> _TASK GOAL_
Please output exactly the lines from the one that holds "虾仁炝香芹的烹饪秘诀（口感鲜美，清爽怡人，虾香浓郁，芹香四溢）" through the final line of the data, and nothing else; leave out any pictures.

*** RECORD SET ***

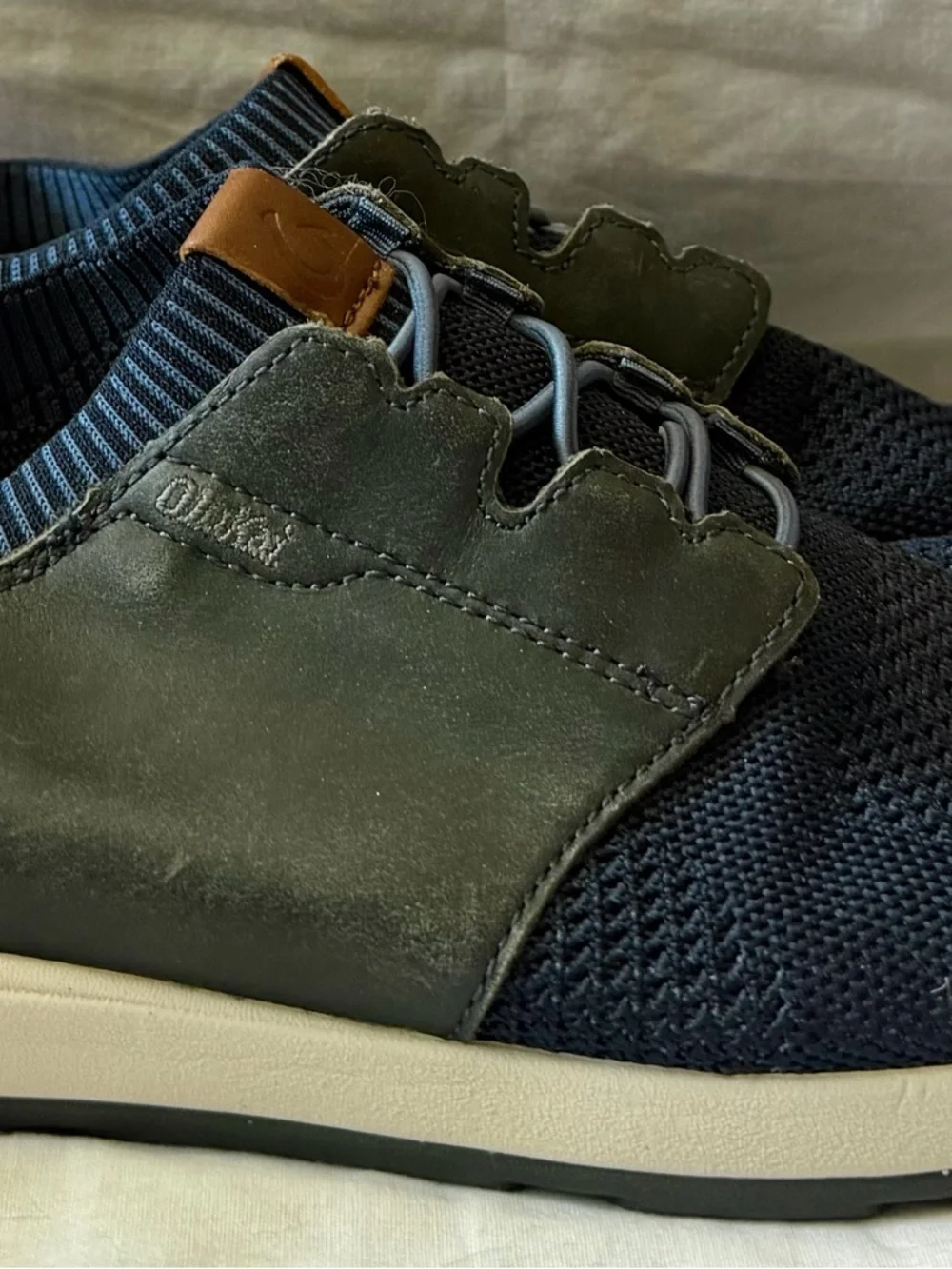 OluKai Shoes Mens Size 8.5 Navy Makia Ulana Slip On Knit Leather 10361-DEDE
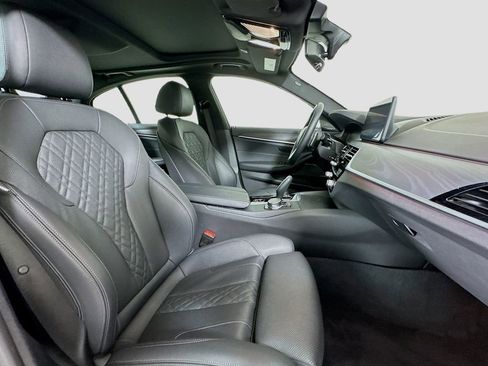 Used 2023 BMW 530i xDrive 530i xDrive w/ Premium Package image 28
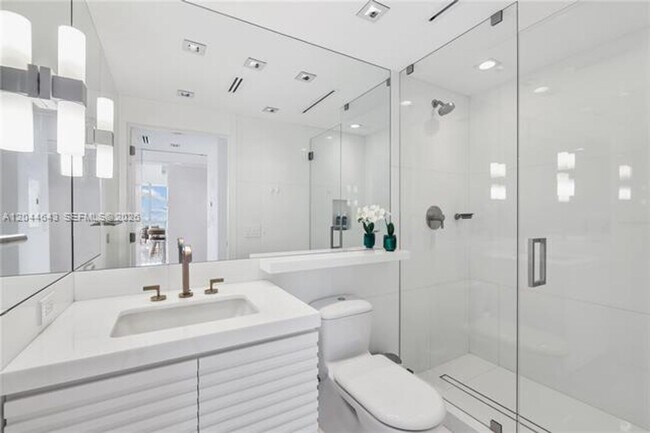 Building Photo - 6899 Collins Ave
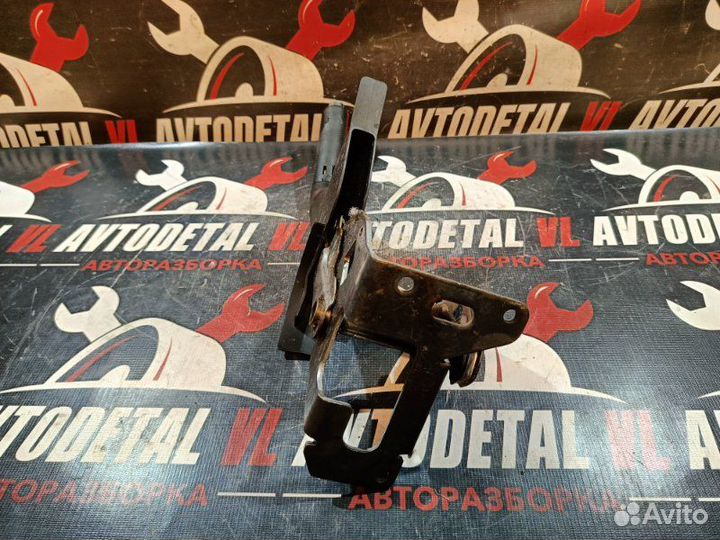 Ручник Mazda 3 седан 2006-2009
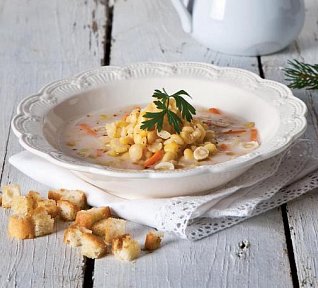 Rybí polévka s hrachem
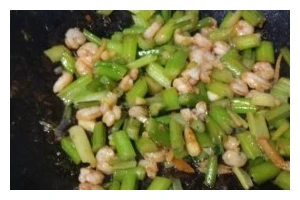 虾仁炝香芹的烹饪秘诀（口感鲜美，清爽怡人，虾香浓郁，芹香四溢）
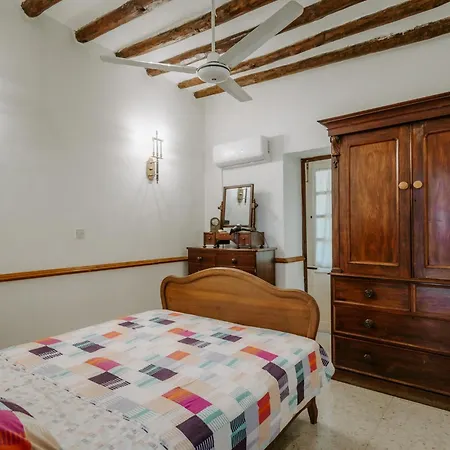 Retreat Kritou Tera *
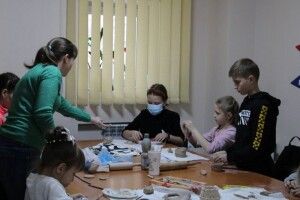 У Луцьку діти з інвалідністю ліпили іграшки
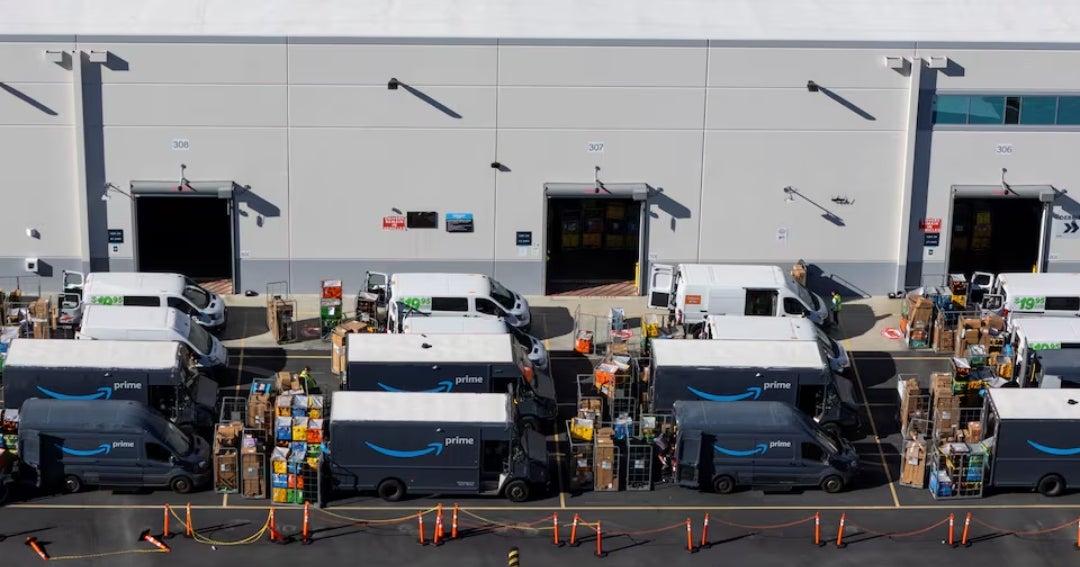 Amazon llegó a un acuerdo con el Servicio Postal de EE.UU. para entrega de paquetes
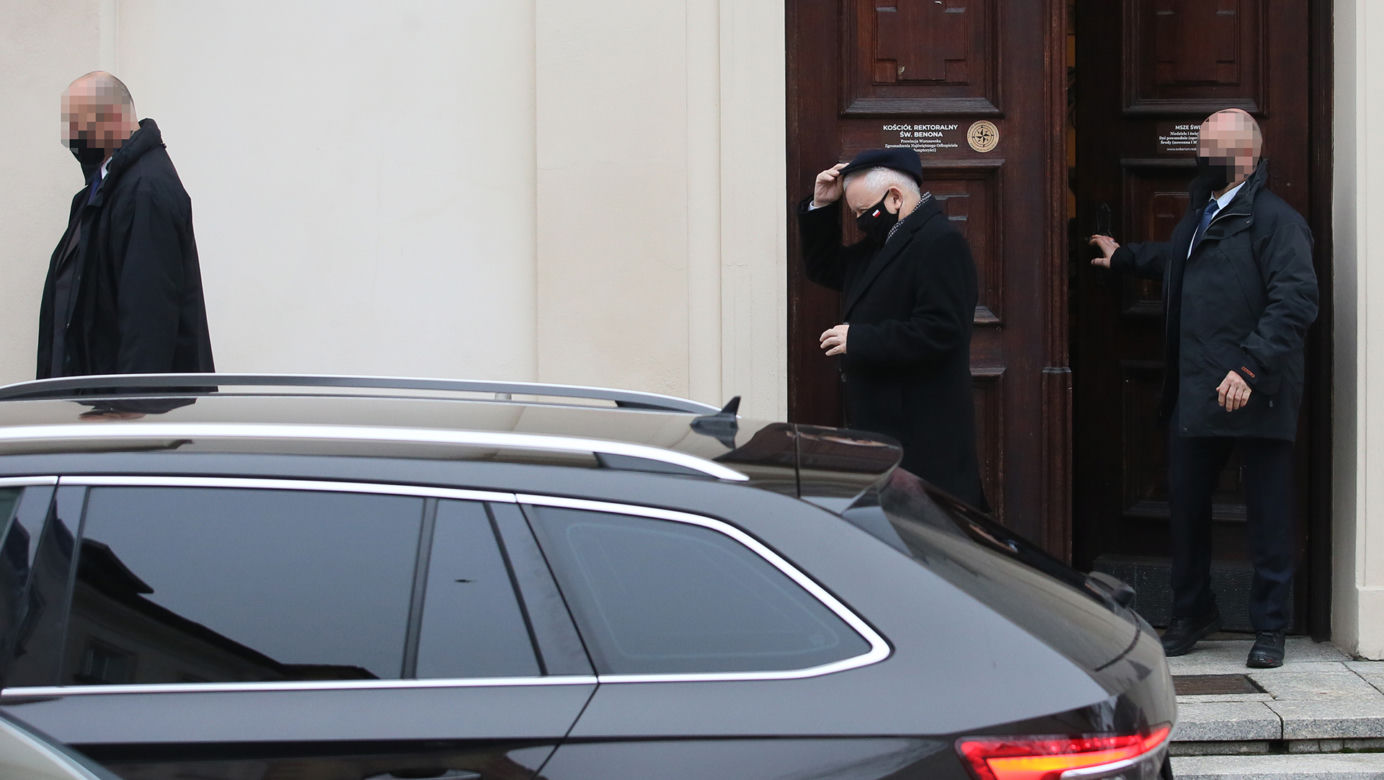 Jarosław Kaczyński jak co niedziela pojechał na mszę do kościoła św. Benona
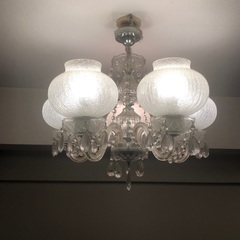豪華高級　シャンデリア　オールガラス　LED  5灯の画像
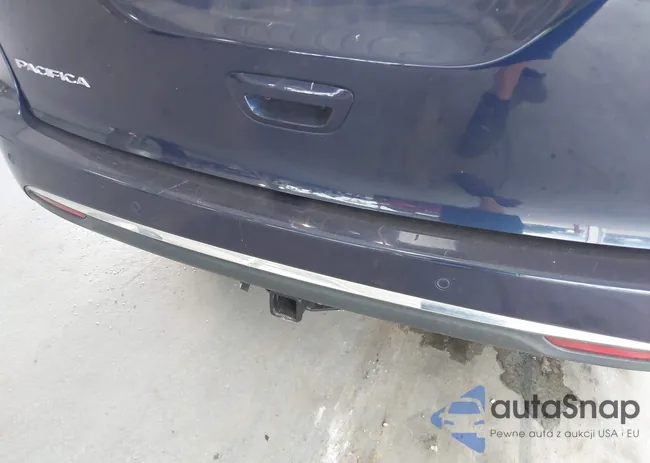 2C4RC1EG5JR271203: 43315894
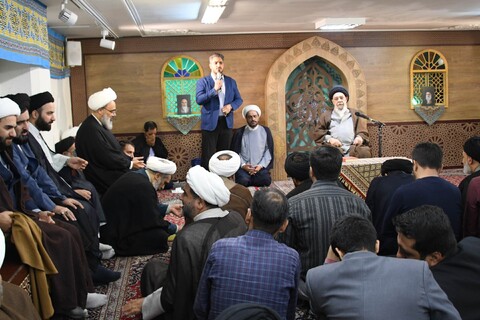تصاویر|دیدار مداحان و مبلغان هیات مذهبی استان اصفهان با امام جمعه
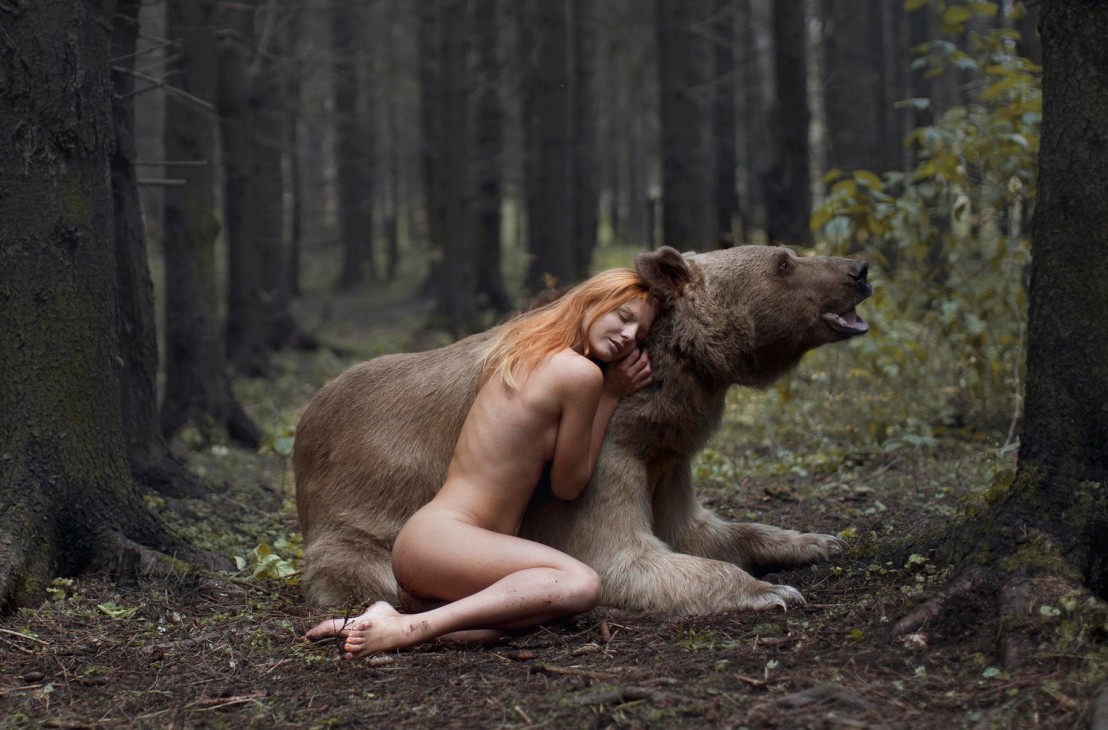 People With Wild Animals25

*** End of RECORD SET ***

> _RESULT BELOW_
 虾仁炝香芹的烹饪秘诀（口感鲜美，清爽怡人，虾香浓郁，芹香四溢）
 Retreat Kritou Tera *
 У Луцьку діти з інвалідністю ліпили іграшки
 Amazon llegó a un acuerdo con el Servicio Postal de EE.UU. para entrega de paquetes
 Jarosław Kaczyński jak co niedziela pojechał na mszę do kościoła św. Benona
豪華高級　シャンデリア　オールガラス　LED  5灯の画像
 2C4RC1EG5JR271203: 43315894
تصاویر|دیدار مداحان و مبلغان هیات مذهبی استان اصفهان با امام جمعه
 People With Wild Animals25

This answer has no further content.